A blueprint for career strategies in product and design leadership.
⏰ Today in 5 Minutes or Less
Learn how Anshuman Kumar, former SVP of Design at Asana, drove $10M in annual recurring revenue by gamifying product optimization and owning the P&L.
The Evolution of Design Executive Anshuman Kumar
For many designers, the transition from practitioner to manager feels like a natural progression of craft. But for Anshuman Kumar, former SVP and Head of Design at Asana, the leap from manager to executive required a fundamental shift in perspective. It wasn't just about leading a team of 100+ designers; it was about shifting the "output" of design from pixels to business decisions to maximize design leadership and business ROI. As Anshuman shares in my book Leading by Design, becoming an executive meant moving beyond the screen to influence the company's financial trajectory.
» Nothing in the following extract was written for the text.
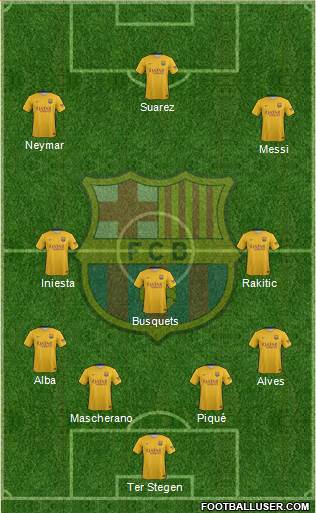 F.C. Barcelona Formation 2016
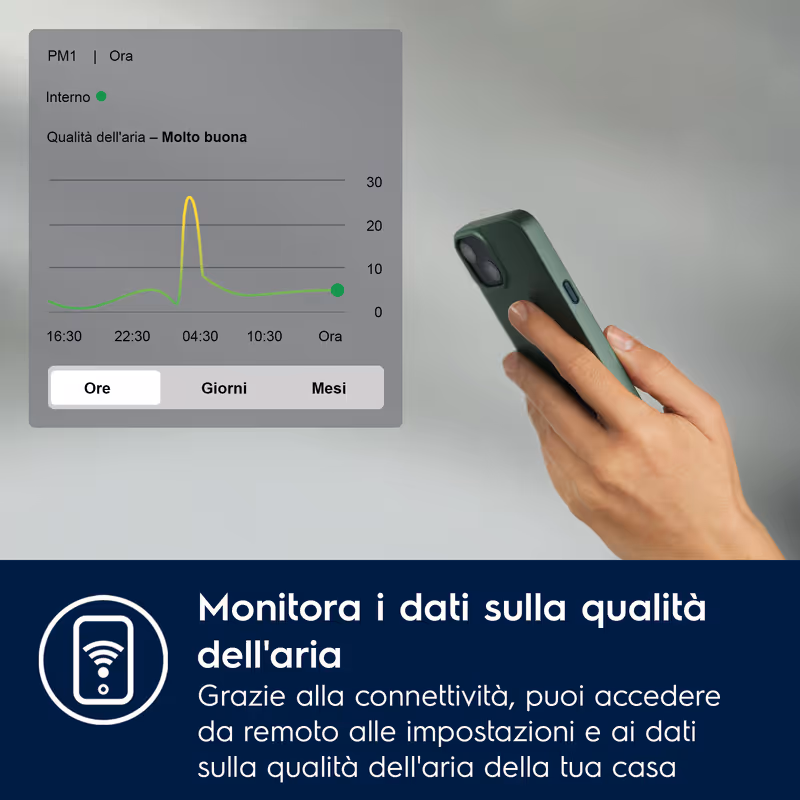 Purificatore d'aria Pure 500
In his career journey from Yahoo to Google and to the helm of Asana’s design org, Anshuman mastered a skill many design leaders struggle with: speaking the language of the business. This shift is essential for bridging the gap between UX and the bottom line.
One of the most profound realizations he had was the change in "time horizon." While a manager might focus on the following product cycle, an executive must look much further ahead; at Google, he lived six months in the future, but at Asana, his horizon moved to three years, allowing him to drive product optimization and gamification strategies that resulted in a staggering $10M revenue impact.
This shift meant moving away from the "unannounced Figma visit," which he learned can accidentally intimidate some designers, and moving toward multi-million-dollar budget accountability and long-term organizational health.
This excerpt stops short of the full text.